STEAM POWERED PEOPLE MOVERS FOR SYDNEY
We learn that the Works Department is making arrangements for the construction of a temporary tramway from the Redfern terminus to Hunter-Street, to be used by visitors to the International Exhibition. They expect to be able to get the motors from America, and it is probable that the rails and other material can be obtained in the colony. Evening News (Sydney Friday 21 February 1879.)
Four steam powered motors were imported from Philadelphia. The man charged with the task of putting them into service was Edward Loughry. Many thanks to his grandson Michael for the following information.
The rails were produced by the Eskbank Iron Company at Lithgow and laid on red gum planks.
Some saw the trams as the only positive to come out of the Exhibition, held at the ornate Garden Palace.
We are divided into two parties here; those who say that the Exhibition is a gigantic fraud, and others who swear that it is an unpararalleled success, “by which I mean to remark, and my language is plain”, that the former have the greatest amount of truth on their side. It is a big thing no doubt – too big for this small colony -but what good will come of it at last nobody knows. The £800,000 which it will cost the country will only have one immediate result – the introduction of a tramway system around the city. This, to Sydney with its long, straggling suburbs, will be a great boon. The tramway now working from Redfern terminus to the Exhibition is as great a novelty to many as the show itself.
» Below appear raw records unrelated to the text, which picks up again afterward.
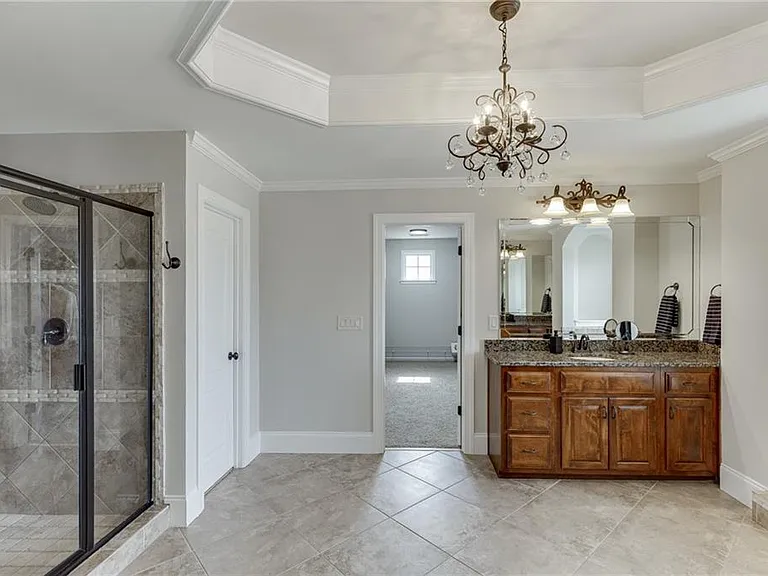 4612 Grandview Pkwy — Photo 49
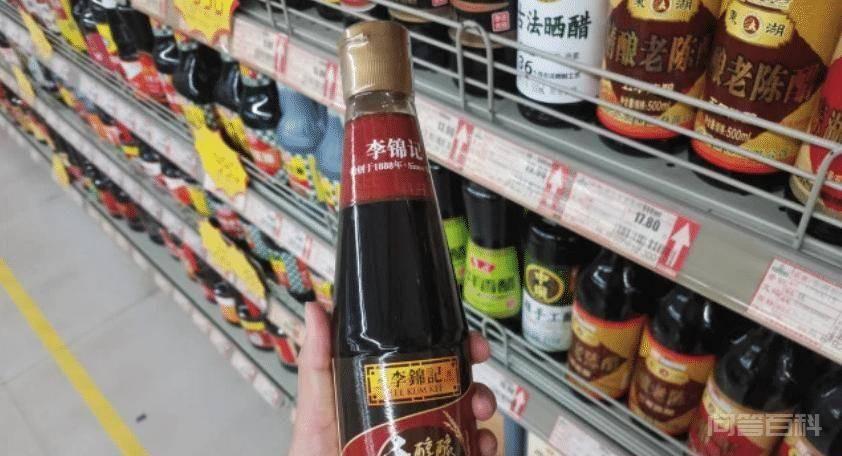 买醋时，先别看价钱贵贱，只要瓶子上有这串“符号”，都是勾兑醋插图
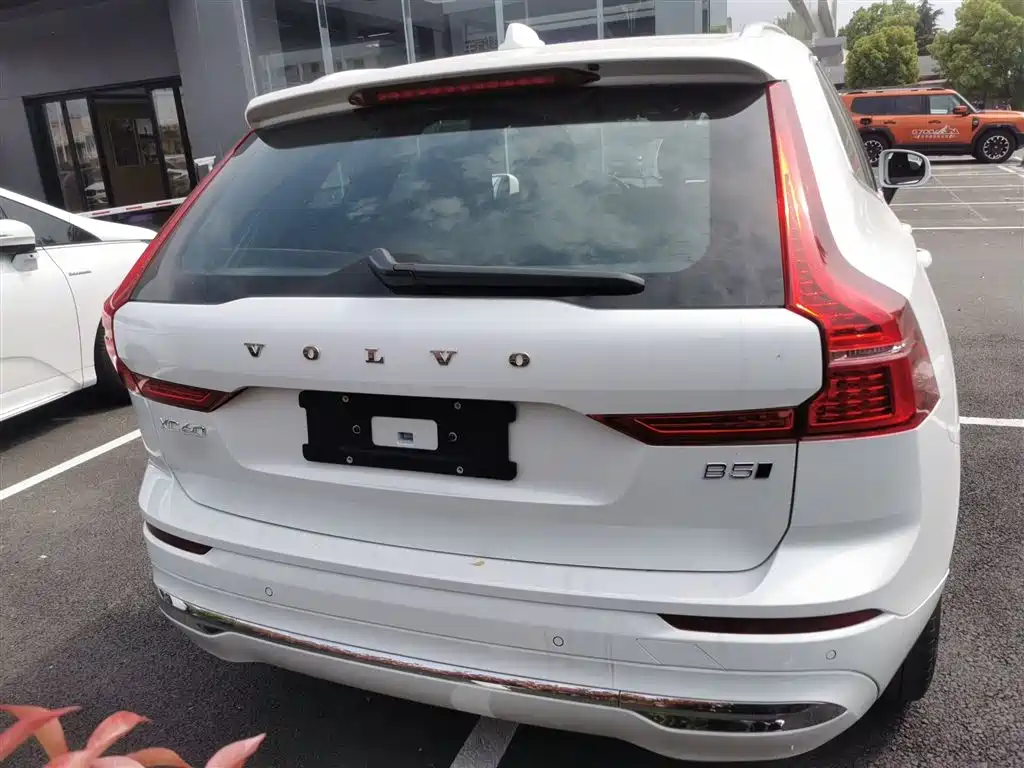 Volvo XC60 2025 2025 B5 AWD Smart Elite Luxury Edition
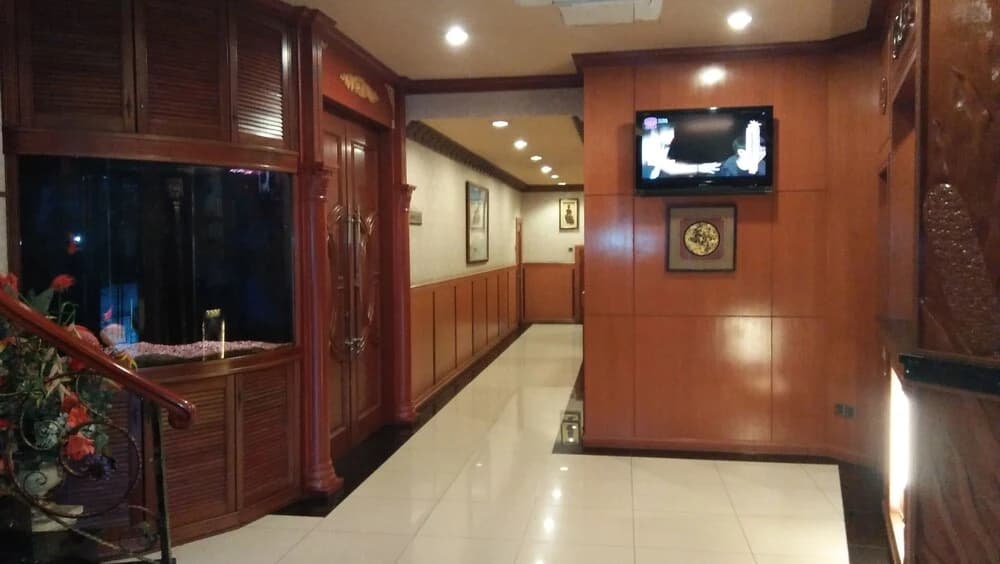 TC Inn Capital Hotel - photo 2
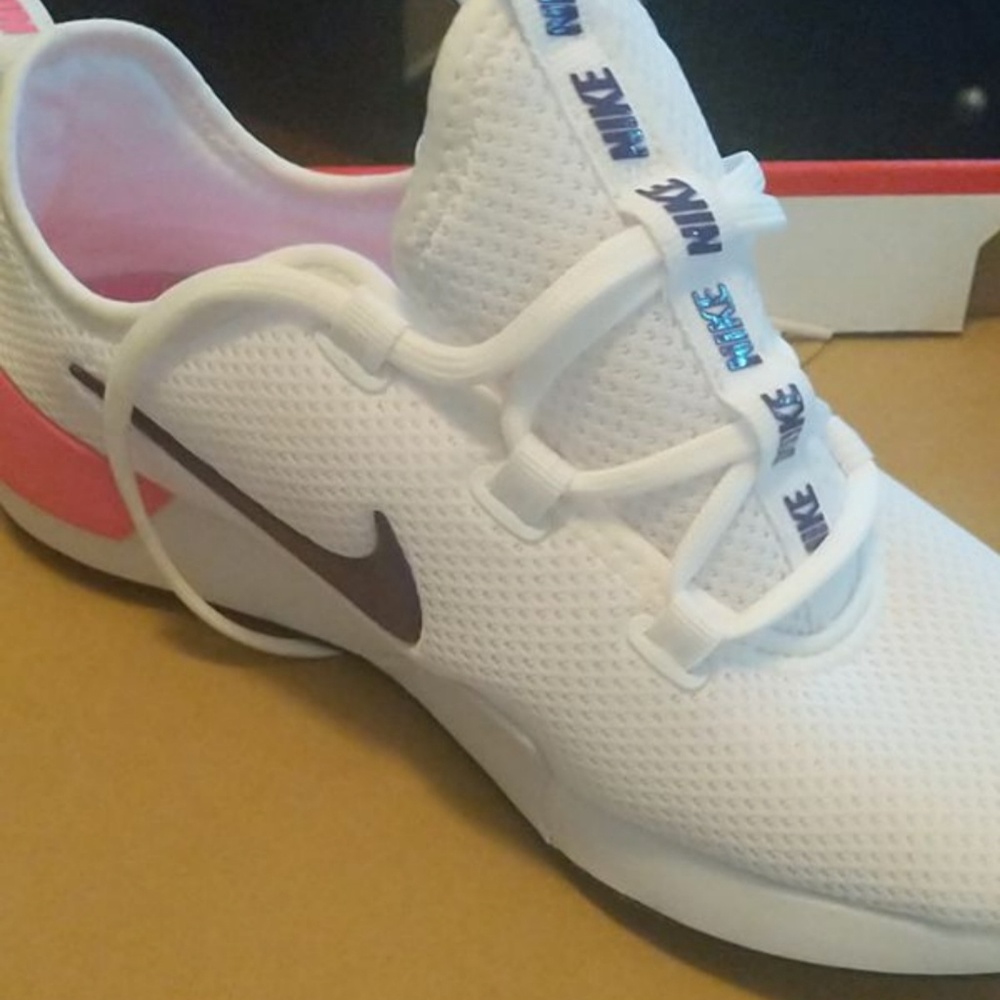 Women's Nike sneakers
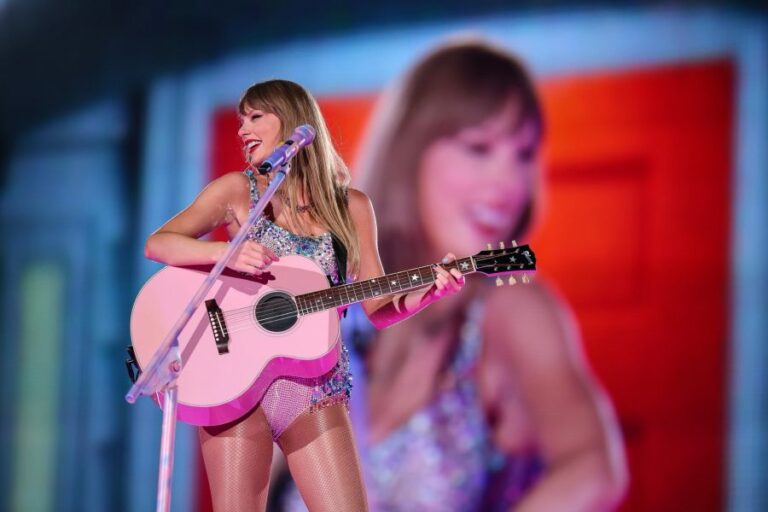 Taylor Swift llega a los cines de Chile con 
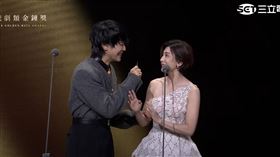 賈靜雯、薛仕凌頒發戲劇節目男主角獎。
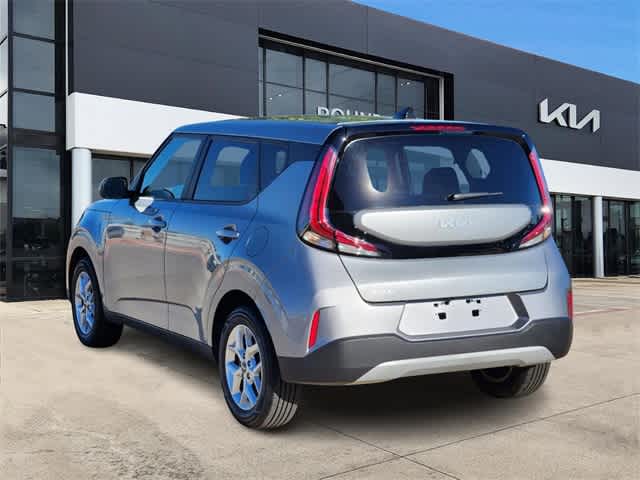 2023 Kia Soul LX 6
Straggling suburbs eh? Well, it’s all relative I guess.
Anyway, the innovative transport system was a great success, as reported in The Evening News on Tuesday, September 30 1879;
The steam tramway, which first came into operation on Sunday last is receiving a lion’s share of public patronage. On Sunday last no less than 2700 persons travelled on it, yesterday the number exceeded 3700, while today the patronage is larger.
Lots of people missed out and had to fall back on the omnibuses….not nearly as exciting. Given the fashions of the day, I can understand why there are only men on the ‘upper deck’.
Below is a tram travelling along Broadway.
And here is an engine hauling two carriages in Market Street. It must have been an amazing sight for Sydneysiders.
Inevitably there were traffic concerns, especially when a horse-drawn omnibus was confronted by a steam puffing ‘monster’ at a street crossing without warning;
And yes, only a few weeks later there was a serious accident. A horse-drawn cab shied at the sight of an approaching tram. The terrified horse backed the cab onto the line where it crashed into the tram;
The steam-motor came into collision with it and smashed it and knocked it right over on the side, breaking the shafts off, so that the horse remained standing.
The occupants of the cab, a couple called Green and their two children, were badly shaken. Mrs Green was cut on the forehead from the broken glass of a window. However, the person who came off worst was the driver, Mr Fogarty. He was knocked unconscious. He was taken to the infirmary with injuries to his, wrist, forehead and back. The steam tram and its passengers apparently escaped unscathed.
Despite such mishaps, the trams were so popular that they became a permanent feature, with an ever expanding network.
I was delighted to discover that one of those very first steam trams survived, and is on display at Sydney’s Powerhouse Museum.
Eventually the steam trams were superceded by electric models. Finally, they too disappeared.